» Data supplied:
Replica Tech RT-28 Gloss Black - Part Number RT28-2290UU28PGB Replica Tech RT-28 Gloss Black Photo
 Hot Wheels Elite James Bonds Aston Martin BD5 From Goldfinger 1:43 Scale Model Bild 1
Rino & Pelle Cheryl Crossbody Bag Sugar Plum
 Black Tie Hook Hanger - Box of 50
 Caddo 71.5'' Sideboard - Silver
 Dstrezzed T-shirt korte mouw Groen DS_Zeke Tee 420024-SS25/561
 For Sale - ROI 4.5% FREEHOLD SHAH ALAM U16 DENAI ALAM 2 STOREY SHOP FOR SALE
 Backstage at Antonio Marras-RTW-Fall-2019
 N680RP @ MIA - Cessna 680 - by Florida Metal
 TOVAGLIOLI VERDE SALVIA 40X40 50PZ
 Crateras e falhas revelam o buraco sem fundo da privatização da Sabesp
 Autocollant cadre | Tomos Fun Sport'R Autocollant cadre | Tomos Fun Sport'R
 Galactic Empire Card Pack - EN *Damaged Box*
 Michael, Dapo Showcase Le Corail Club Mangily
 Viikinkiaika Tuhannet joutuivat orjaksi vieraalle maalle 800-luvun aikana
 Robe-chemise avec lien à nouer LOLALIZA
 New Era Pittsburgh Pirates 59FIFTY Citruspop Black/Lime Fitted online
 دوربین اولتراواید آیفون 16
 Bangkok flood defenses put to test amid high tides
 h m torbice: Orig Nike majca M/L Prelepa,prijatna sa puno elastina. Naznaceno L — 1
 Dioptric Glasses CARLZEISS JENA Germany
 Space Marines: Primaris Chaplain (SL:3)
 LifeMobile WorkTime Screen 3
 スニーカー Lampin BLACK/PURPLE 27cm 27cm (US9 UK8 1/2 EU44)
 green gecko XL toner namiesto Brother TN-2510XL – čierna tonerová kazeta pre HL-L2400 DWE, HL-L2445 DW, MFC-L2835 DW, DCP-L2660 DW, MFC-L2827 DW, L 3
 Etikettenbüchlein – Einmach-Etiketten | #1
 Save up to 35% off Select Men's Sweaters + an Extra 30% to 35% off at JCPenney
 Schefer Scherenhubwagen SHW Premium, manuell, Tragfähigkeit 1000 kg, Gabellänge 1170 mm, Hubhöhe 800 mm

» Problem: When you reach the line containing "Dstrezzed T-shirt korte" in the data above, start copying exactly, and stop after the line containing "دوربین اولتراواید آیفون 16".

» Written response:
 Dstrezzed T-shirt korte mouw Groen DS_Zeke Tee 420024-SS25/561
 For Sale - ROI 4.5% FREEHOLD SHAH ALAM U16 DENAI ALAM 2 STOREY SHOP FOR SALE
 Backstage at Antonio Marras-RTW-Fall-2019
 N680RP @ MIA - Cessna 680 - by Florida Metal
 TOVAGLIOLI VERDE SALVIA 40X40 50PZ
 Crateras e falhas revelam o buraco sem fundo da privatização da Sabesp
 Autocollant cadre | Tomos Fun Sport'R Autocollant cadre | Tomos Fun Sport'R
 Galactic Empire Card Pack - EN *Damaged Box*
 Michael, Dapo Showcase Le Corail Club Mangily
 Viikinkiaika Tuhannet joutuivat orjaksi vieraalle maalle 800-luvun aikana
 Robe-chemise avec lien à nouer LOLALIZA
 New Era Pittsburgh Pirates 59FIFTY Citruspop Black/Lime Fitted online
 دوربین اولتراواید آیفون 16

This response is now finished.